Input data:
# # # # # # #

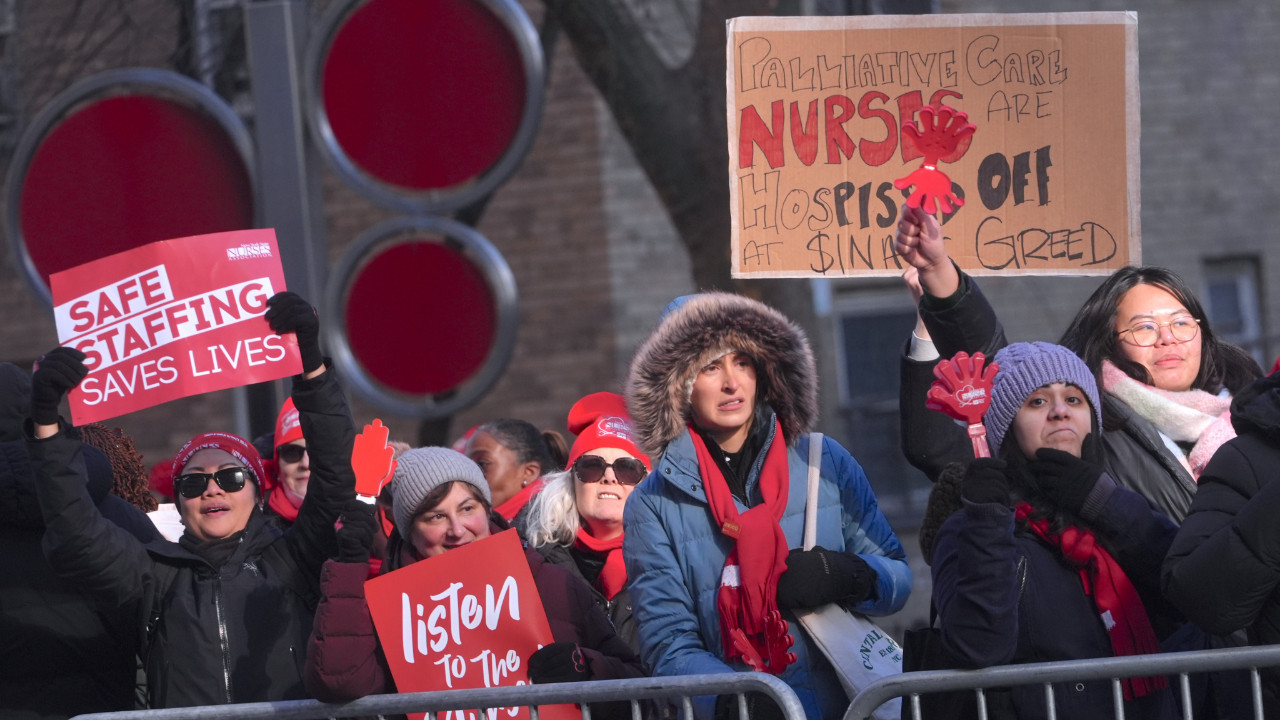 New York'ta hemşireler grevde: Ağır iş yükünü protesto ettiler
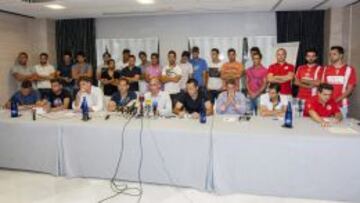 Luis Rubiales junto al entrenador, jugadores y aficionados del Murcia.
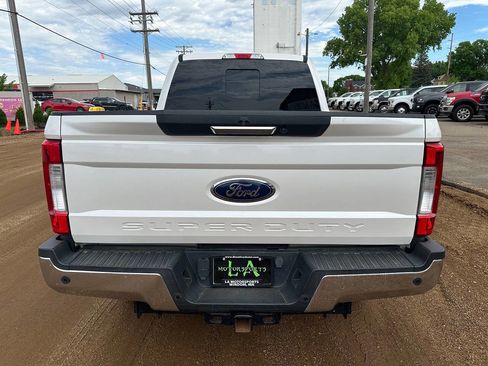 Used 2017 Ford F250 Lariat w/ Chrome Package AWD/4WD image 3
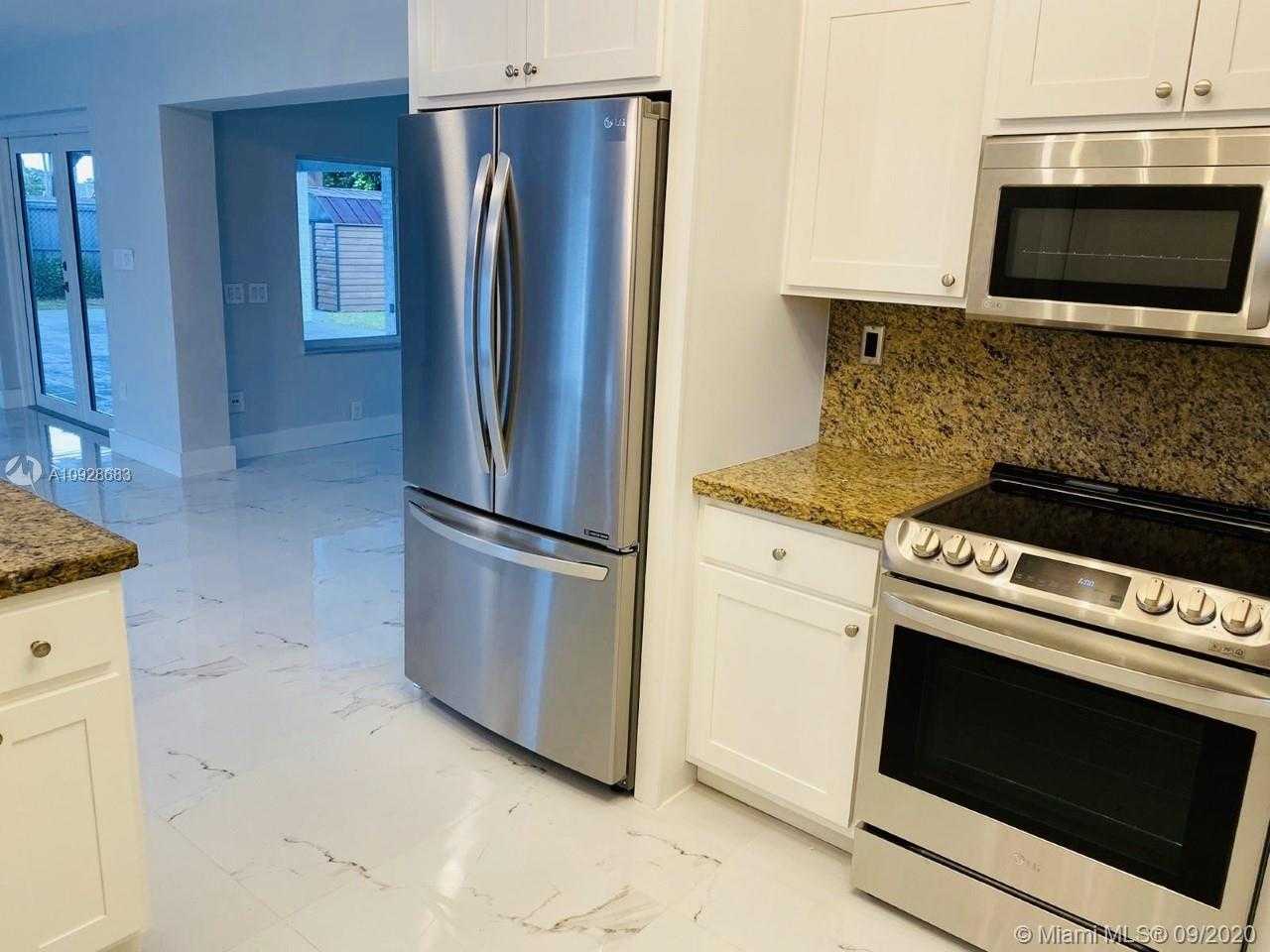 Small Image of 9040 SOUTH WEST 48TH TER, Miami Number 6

# # # # # # #

Exactly the lines from the one with "Used 2017 Ford" to the last line of the listing are wanted, both ends included and pictures excluded.

Written answer:
 Used 2017 Ford F250 Lariat w/ Chrome Package AWD/4WD image 3
 Small Image of 9040 SOUTH WEST 48TH TER, Miami Number 6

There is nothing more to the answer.